Illinois State frustrated Wichita State by playing almost extensively zone after the opening minutes, when the Shockers raced out to a 20-12 lead just 7:17 into the contest. WSU shot 45.0% for the game, in part due to 16 second-chance points off 15 offensive rebounds, but the Shockers were just 4 of 18 from three-point range and often were stagnant and struggling to get good shots from outside in the second half.
Another factor in the win that cannot be underestimated: free throws. Foul shots matter especially in March, and Illinois State is good from there, shooting nearly 74% in Valley play. The Redbirds got to the line far more and made them, going 17-for-20 from the line (85%), including 10 of 10 in the final 4:02. Wichita State was just 4 of 8 from the stripe, and senior forward Darius Carter missed two crucial ones with 1:19 left and the Shockers trailing by three.
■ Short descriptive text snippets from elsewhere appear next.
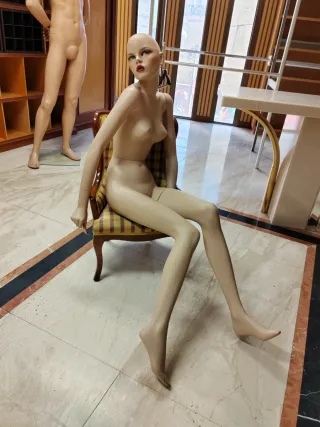 Maniquí de mujer sentado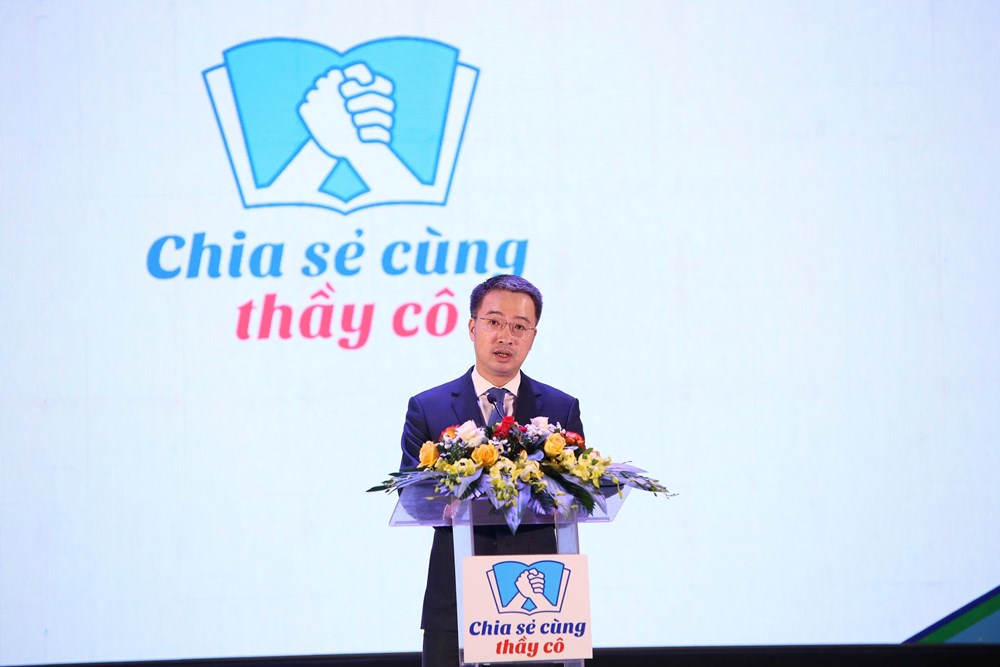 Vinh danh 80 thầy cô giáo tiêu biểu đang công tác tại các xã, phường, đặc khu vùng biên giới - ảnh 3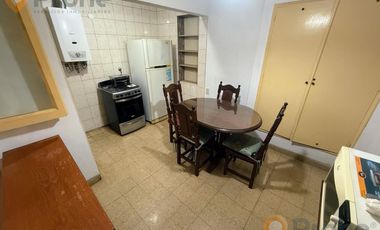 VENTA PH 2 DORMITORIOS CON TERRAZA EN EL CENTRO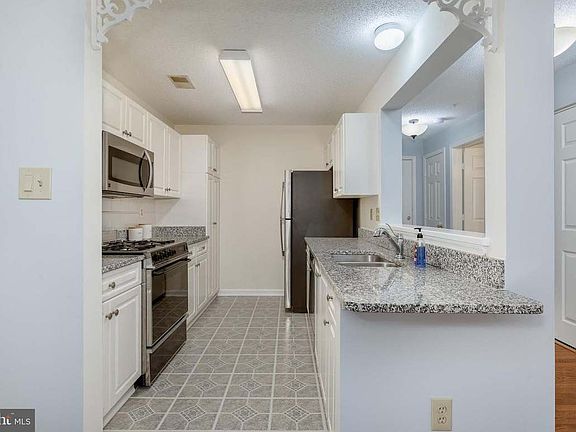 4th image of 15313 Diamond Cove Ter APT 10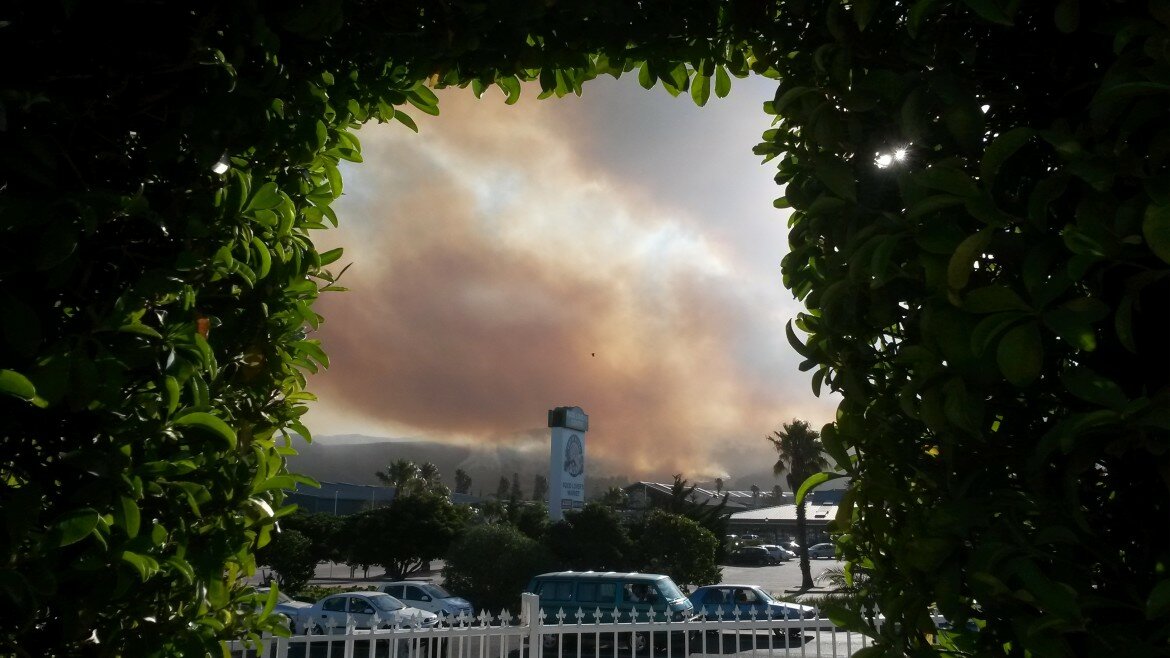 Fire on Tokai & Constantia Mountains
“Couldn’t be prouder of our guys,” said Muller, the former Illinois State player in his third year as coach. “The second half especially, the way we fought…a lot of guys made big plays, but it kind of came down to just going out there and leaving it all on the court, and we did that.”
It’s happened away from the national radar, but the Redbirds have been knocking on the door of some big things all season. ISU did something LSU and VCU were unable to-beat Old Dominion, and thoroughly (a 64-45 win). It lost to Seton Hall by just four in the Paradise Jam in November, when the Pirates were playing like a Top 25 team well before imploding. There also were narrow losses to VCU and red-hot Murray State, and wins at UAB and DePaul.
In the Valley, Illinois State was the third-best team over the course of the entire regular season (Indiana State tied the Redbirds in the standings but struggled out of conference), but still a distant third in the standings at 11-7, five games behind Northern Iowa and six behind Wichita State. In four matchups with the top two teams, the Redbirds were close in three of them: losses by eight at WSU and six to the Shockers at home, and a golden opportunity missed in a 54-53 loss at home to UNI in which the Panthers’ Nate Buss hit the winning three-pointer in the final seconds.
In all, nine of ISU’s 11 losses were by eight points or less, including eight by six or less. An injury to MVC Newcomer of the Year DeVaughn Akoon-Purcell (10 points, five rebounds on Saturday) hurt the team at the start of Valley play, and while the wins were mostly decisive, the close losses kept piling up.
It seemed a corner may have been turned, though, when the Redbirds defeated Evansville 69-67 in overtime in their regular season finale. Illinois State duplicated the feat on Friday, edging the Purple Aces 71-67 in the semifinals to get a third shot at Wichita State.
“I think that was critical,” said Muller on Saturday. “Those were our two closest wins (in the MVC)-we had a great win at DePaul that was very close. We had a great win at UAB that was close. In the conference, we hadn’t won a close game like we did the last two games. To go back-to-back against a good Evansville team gave us confidence.”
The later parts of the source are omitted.